Deux ans plus tard, Flaubert fait face à la mort prématurée de son ami, décédé d'une longue maladie du cœur en avril 1848: Alfred est mort lundi soir à minuit. Je l'ai enterré hier et je suis revenu. Je l'ai gardé pendant deux nuits (la dernière nuit, entière), je l'ai enseveli dans son drap, je lui ai donné le baiser d'adieu et j'ai vu souder son cercueil.

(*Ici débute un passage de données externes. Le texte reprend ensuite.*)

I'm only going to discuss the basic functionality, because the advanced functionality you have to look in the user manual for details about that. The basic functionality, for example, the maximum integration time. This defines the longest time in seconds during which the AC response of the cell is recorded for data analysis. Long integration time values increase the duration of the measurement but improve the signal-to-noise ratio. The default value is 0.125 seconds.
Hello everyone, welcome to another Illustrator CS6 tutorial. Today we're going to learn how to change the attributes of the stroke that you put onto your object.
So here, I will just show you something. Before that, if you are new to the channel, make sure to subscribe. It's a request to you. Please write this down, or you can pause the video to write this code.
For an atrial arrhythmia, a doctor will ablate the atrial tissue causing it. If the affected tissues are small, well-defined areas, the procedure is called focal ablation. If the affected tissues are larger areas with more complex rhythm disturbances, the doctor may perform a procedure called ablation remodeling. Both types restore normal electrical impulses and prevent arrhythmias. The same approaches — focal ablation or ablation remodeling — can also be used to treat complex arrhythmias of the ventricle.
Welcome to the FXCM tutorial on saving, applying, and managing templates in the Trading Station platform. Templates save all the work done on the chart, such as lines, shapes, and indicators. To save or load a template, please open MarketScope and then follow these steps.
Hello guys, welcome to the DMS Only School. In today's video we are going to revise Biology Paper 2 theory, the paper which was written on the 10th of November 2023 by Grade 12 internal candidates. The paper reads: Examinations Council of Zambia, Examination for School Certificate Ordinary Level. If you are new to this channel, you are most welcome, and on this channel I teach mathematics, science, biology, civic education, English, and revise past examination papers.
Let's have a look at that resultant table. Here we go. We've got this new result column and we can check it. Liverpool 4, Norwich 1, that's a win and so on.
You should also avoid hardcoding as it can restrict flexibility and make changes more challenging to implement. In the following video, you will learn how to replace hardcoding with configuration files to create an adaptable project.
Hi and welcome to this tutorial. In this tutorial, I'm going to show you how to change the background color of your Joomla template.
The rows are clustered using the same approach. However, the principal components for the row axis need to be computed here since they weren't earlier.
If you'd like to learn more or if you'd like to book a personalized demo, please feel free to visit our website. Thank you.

J'ai passé là deux jours... larges. [...] Quand il a été ainsi arrangé il ressemblait à une momie égyptienne serrée dans ses linges et j'ai éprouvé je ne puis dire quel sentiment de joie et de liberté pour lui. [...] deux ou trois oiseaux ont chanté et je me suis dit cette phrase de son Bélial: «Il ira, joyeux oiseau, saluer dans les pins le soleil naissant...», ou plutôt j'entendais sa voix qui me le disait et toute la journée j'en ai été délicieusement obsédé. [...] Voilà, pauvre vieux, ce que j'ai vécu depuis mardi soir. J'ai eu des aperceptions inouïes et des éblouissements d'idées intraduisibles. Un tas de choses me sont revenues avec des chœurs de musique et des bouffées de parfum. [...] Adieu, pauvre cher vieux. Mille tendresses. Je t'embrasse et j'ai une rude envie de [te] voir car j'ai besoin de dire des choses incompréhensibles écrivit Flaubert, bouleversé, à son ami Maxime Du Camp le 7 avril 1848.
Le souvenir d'Alfred hanta Flaubert pour le reste de ses jours comme le montre notamment cette touchante lettre qu'il adressa le 8 décembre 1862 à Laure de Maupassant, la sœur d'Alfred: Ta bonne lettre m'a bien touché, ma chère laure; elle a remué en moi de vieux sentiments toujours jeunes. Elle m'a apporté, comme sur un souffle d'air frais, toute la senteur de ma jeunesse où notre pauvre Alfred a tenu une si grande place ! Ce souvenir-là ne me quitte pas. Il n'est point de jour, et j'ose dire presque point d'heure où je songe à lui. [...] Je n'ai ressenti auprès d'aucun d'eux l'éblouissement que ton frère me causait. Quels voyages il m'a fait faire dans le bleu, celui-là ! et comme je l'aimais ! Je crois même que je n'ai aimé personne (homme ou femme) comme lui. J'ai eu lorsqu'il s'est marié, un chagrin de jalousie très profond; ç'a été une rupture, un arrachement ! Pour moi il est mort deux fois et je porte sa pensée constamment comme une amulette, comme une chose particulière et intime. Combien de fois dans les lassitudes de mon travail, au théâtre, à Paris, pendant un entracte, ou seul à Croisset au coin du feu, dans les longues soirées d'hiver, je me reporte vers lui, je le revois et je l'entends ! je me rappelle, avec délices et mélancolie tout à la fois, nos interminables conversations mêlées de bouffonneries et de métaphysique, nos lectures, nos rêves et nos aspirations si hautes ! Si je vaux quelque chose, c'est sans doute à cause de cela. J'ai conservé pour ce passé un grand respect; nous étions très beaux; je n'ai pas voulu déchoir.
Exemplaire exceptionnel par son envoi si personnel. Il est à classer parmi les plus importants des exemplaires en grand papier.
Il nous apprend en effet que Madame Bovary aurait pu être dédié à Alfred Le Poittevin si celui-ci n'avait pas été emporté prématurément par la maladie. Finalement, le chef-d'œuvre flaubertien sera en partie dédié à Louis Bouilhet (1821-1869), poète normand et ami de l'auteur.
L'exemplaire est cité sous le n°21 de la liste établie par Lambiotte, «Les exemplaires en grand papier de Madame Bovary» in Les Amis de Flaubert, 1958, bulletin n°13.
Le feuillet de dédicace à Sénard (ici mal écrit avec un t final, une des caractéristiques de premier tirage) est relié avant le faux-titre. Le faux-titre est conservé à toutes marges avec le bord replié. Quelques rousseurs claires.